My parents spent their entire adult lives working at jobs they hated. They were miserable. It was painful to watch and even more painful to experience growing up. It truly sucked for everyone involved.

Naturally I decided early on not to do that. I figured that whatever I did for a living it would have to be right for me – fun and rewarding – or I’d find something else to do. That has always been my one nonnegotiable rule; staying true to it has served me well.

The career path I chose – every decision, every twisty turn, every step of the way – was always based on what was right for me. And the results far surpassed my expectations.

The question is, are you living your life in a way that’s best for you or following what others say you should do and how they say you should do it?

Are you living your life or someone else’s?

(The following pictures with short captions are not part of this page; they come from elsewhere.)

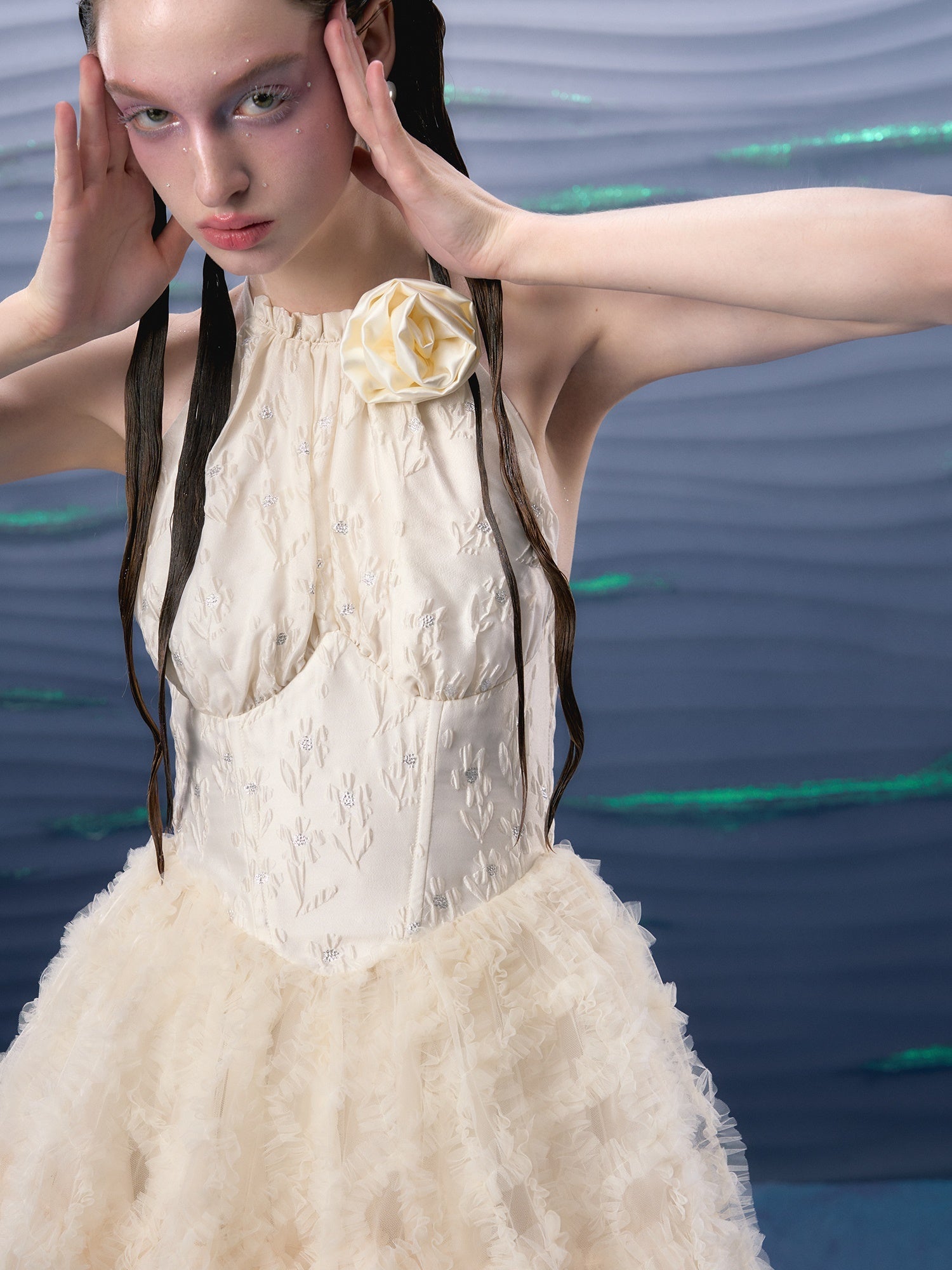Jacquard Mesh Hem Flower Brooch Halter Neck Dress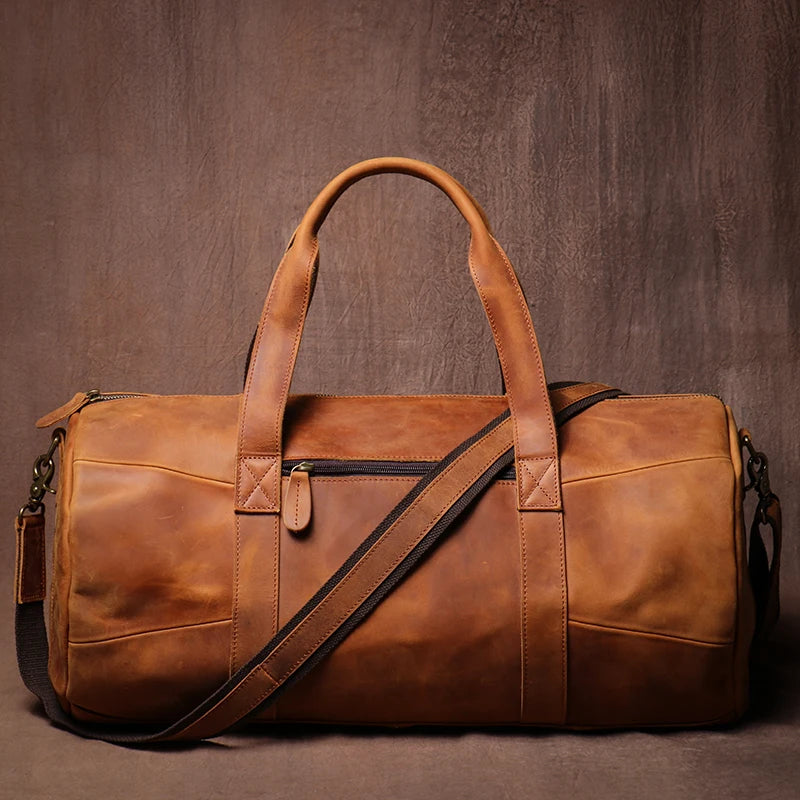 LUOKIR Luxus Leder Reisetasche aus echtem Rindsleder – Vintage Crazy Horse Duffle Bag für Herren, hochwertige Weekend- & Schultertasche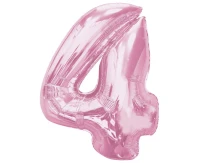 Foil balloon B&C Number 4, light pink, 92 cm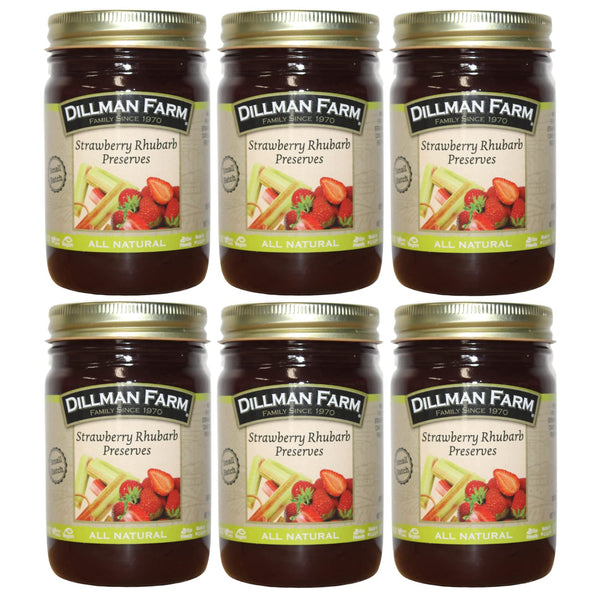 Dillman Farm All Natural Strawberry Rhubarb Preserves - Gluten-Free, Non-GMO, Vegan, Kosher,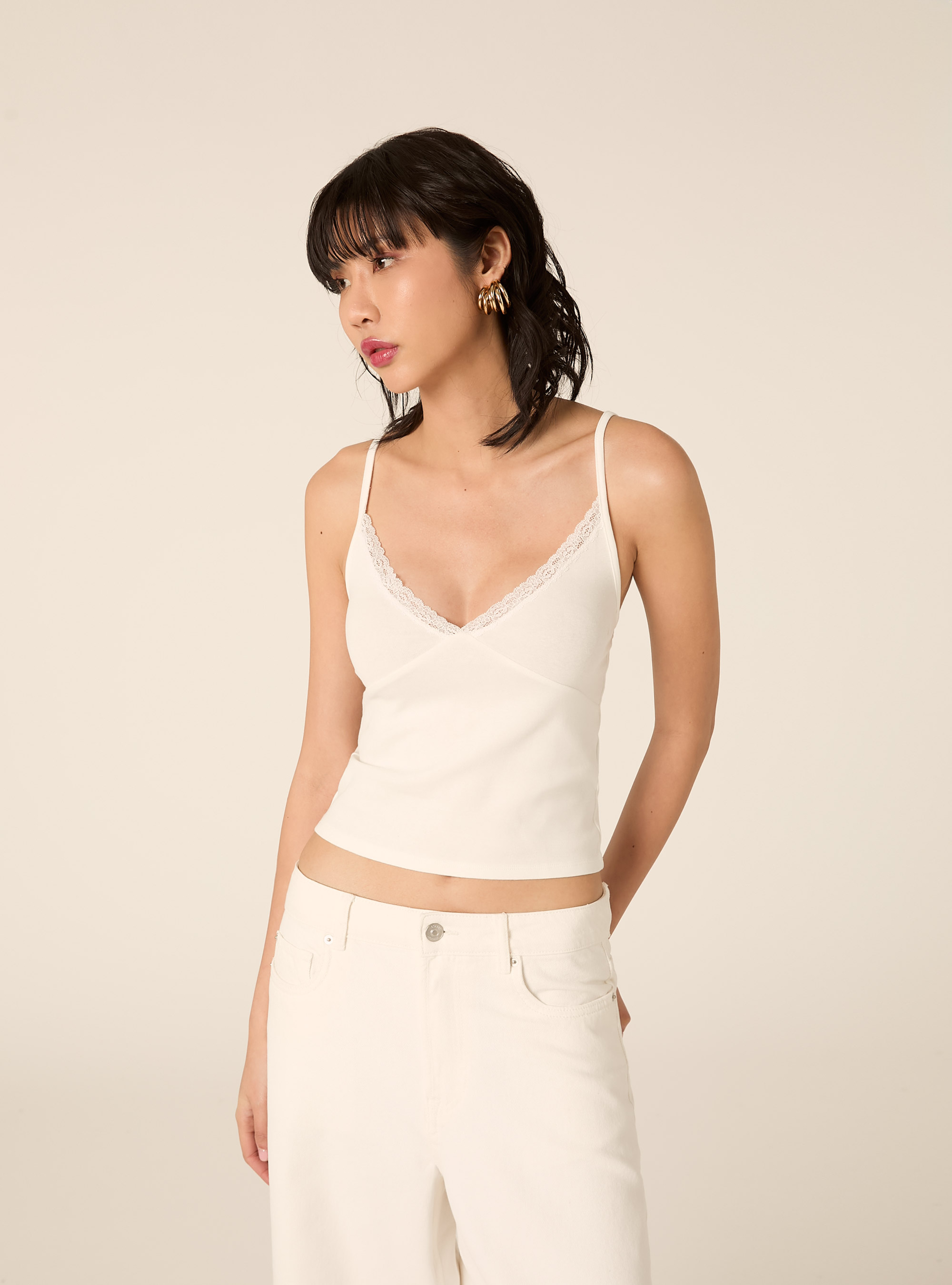 Bralette-Top mit Spitzendetail, WH2 WHITE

Every day you’re bombarded with unsolicited advice telling you how to live your life. How to succeed and how to fail. Which traits are good and which will come back to haunt you. Why you should be a morning person and take naps. How to behave, how to eat, how to sleep, how to be productive, how to be inspired, even how to be happy.

Since all that free advice can be overwhelming, I’m going to save you a lot of time, lift a giant weight off your shoulders and tell you exactly which of those pearls of popular wisdom you should listen to and which you shouldn’t. That way you never have to think about it and can go about your life knowing you’re on the right track.

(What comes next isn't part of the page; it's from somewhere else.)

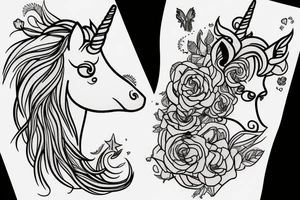 outline of unicorn tattoo idea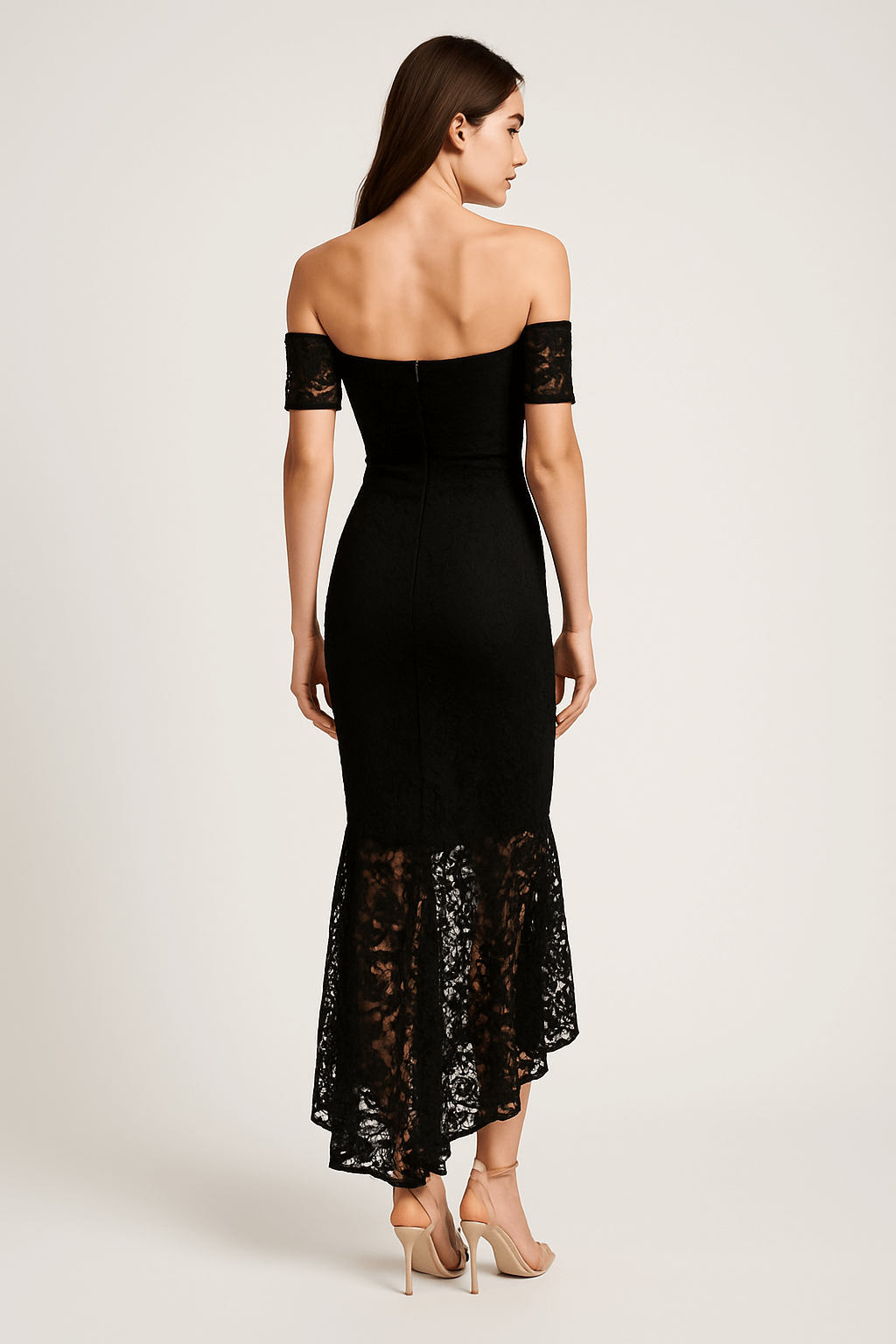 Fishtail Style Hem Off Shoulder Slim Fit Lace Midi Dress AV-72012BLK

Ready? OK, here goes. Ignore it. All of it. And yes, I do mean all of it.

Throughout your life, your own personal experience, gut instincts and common sense will inform every important decision you need to make. Granted, you will occasionally need advice from others who have more experience than you, but that’s not unsolicited advice. That’s advice you ask for, hopefully of those who’ve already been where you’re going.

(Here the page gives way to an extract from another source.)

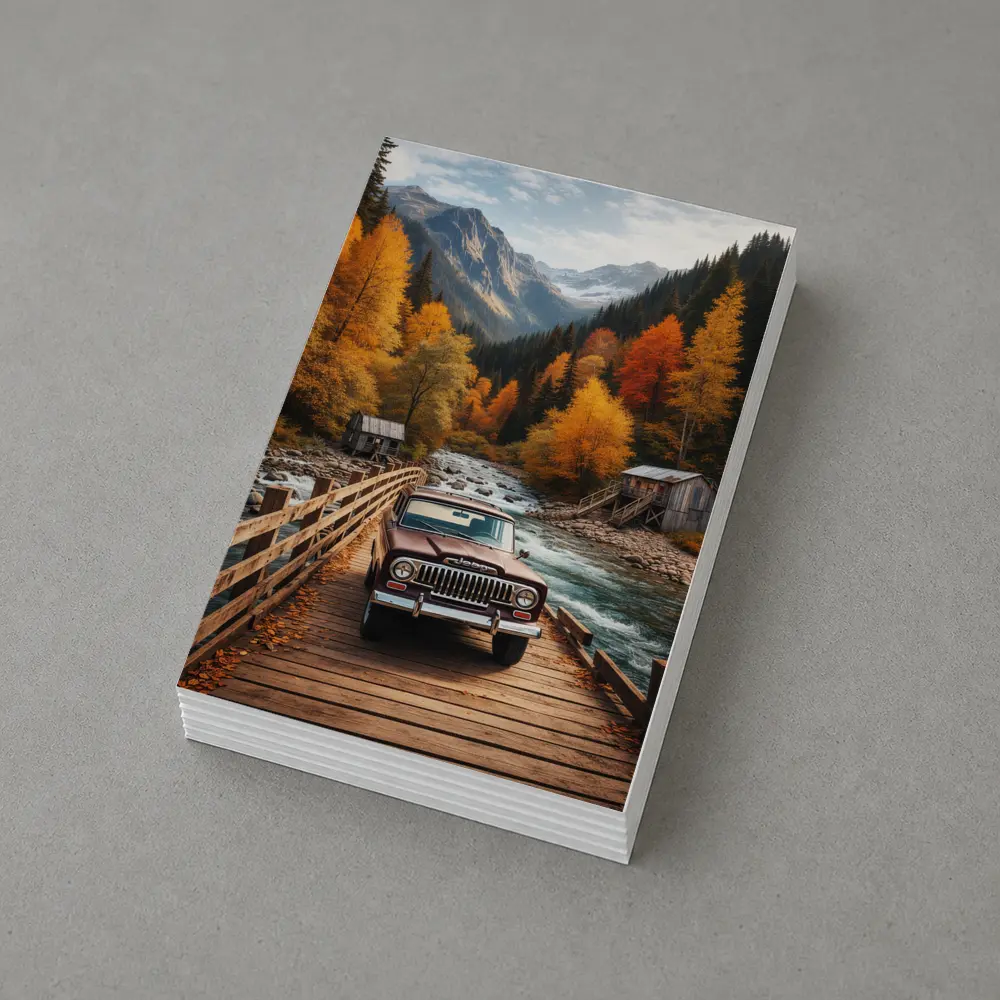 Jeep Wagoneer Classic Truck Autumn Mountain Bridge – Postcards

Look, everyone who’s pushing prescriptive advice on you has a vested interest in you reading it, hearing it and acting on it. One way or another, they all have skin in the game. Their actions are driven by self-interest, not your interest. They do it to benefit themselves, not to benefit you. So you can’t trust it. And you can’t trust them.

What you can trust is yourself: your experience, your gut, your thoughts, your feelings and those you choose to ask for help. How your life turns out is entirely based on the choices you make. Those choices, those decisions, should always be in your hands. And that includes whom you choose to listen to when you need advice.

And get this: You actually have a built-in system for that sort of thing. It’s where epiphanies, critical insights and flashes of inspiration come from. It’s called your brain. And through a complex set of mechanisms, it’s always there to help you turn your own knowledge, experience and instincts into answers that are right for you.

Unfortunately, more and more people choose not to use that built-in system. It’s so much easier to search online for answers than to get out and experience things for yourself. It’s easier to blog, post, or message than to sit quietly and listen to your feelings. It’s easier to Google it or ask Alexa than to think for yourself.

That’s just nuts. Every decision you make that way is a bad decision.

Every day I see people make critical personal and business decisions based on what others tell them to do. Every day I see enormous amounts of content that contradicts what I’ve experienced, learned and determined to be true. And every day I feel sorry for every one of you who follows that nonsense instead of living your own life.

You don’t want to wake up one day, look in the mirror and see a stranger looking back at you.